RSC Prize Lecture Prof Julia Weinstein

24 October 2018, 2.00 PM - 24 October 2018, 4.00 PM

Lecture Theatre 4

RSC Prize winner Professor Julia Weinstein will be presenting her lecture entitled

"Light and metal chromophores: from ultrafast electron transfer to bioimaging"


The fascinating world of electron transfer - the process behind photosynthesis and catalysis, information storage and nerve signalling - still holds many secrets. If only one understands the rules that govern electron transfer, one could one day exert control over chemical reactivity. A key but elusive factor is nuclear-electronic (vibronic) coupling, known to considerably affect ultrafast photoinduced electron transfer in a vast range of biochemical systems.  Yet such effects are difficult to probe due to the convolution of multiple electronic and structural processes occurring on ultrafast timescales. Modern advances in ultrafast lasers and detection methods, especially multipulse spectroscopy such as 2DIR, are making such studies ever more possible. Recently, we have shown that using an intermediate, ultrafast, infrared pulse which targets a specific vibration in the course of electron transfer, can radically alter the pathway and the outcome of the photoinduced reactions. It is especially interesting that such "IR control" effect was observed in solution, where it had been perceived that interaction with the solvent would scramble all the potential effect of any infrared excitation. 

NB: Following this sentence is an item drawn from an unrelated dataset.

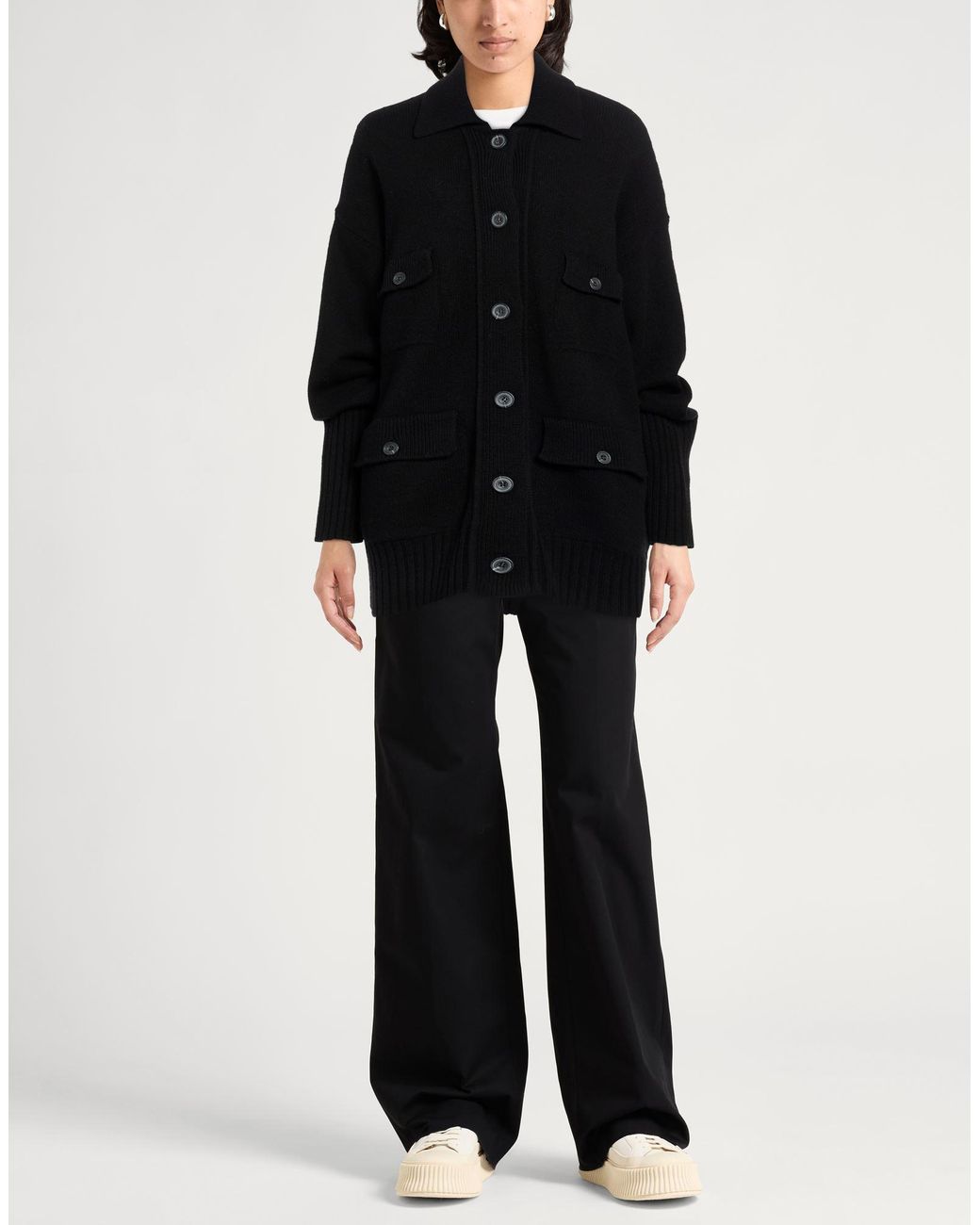 Alpha Studio Black Cardigans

The talk will discuss several specific examples of how "IR-control" can be used, mainly in transition metal complexes, and highlighted the open questions in this exciting and promising area. Our results contribute to understanding of the interplay between vibrational and electronic processes photoinduced charge transfer processes in condensed phase, and could therefore be of broad and general significance.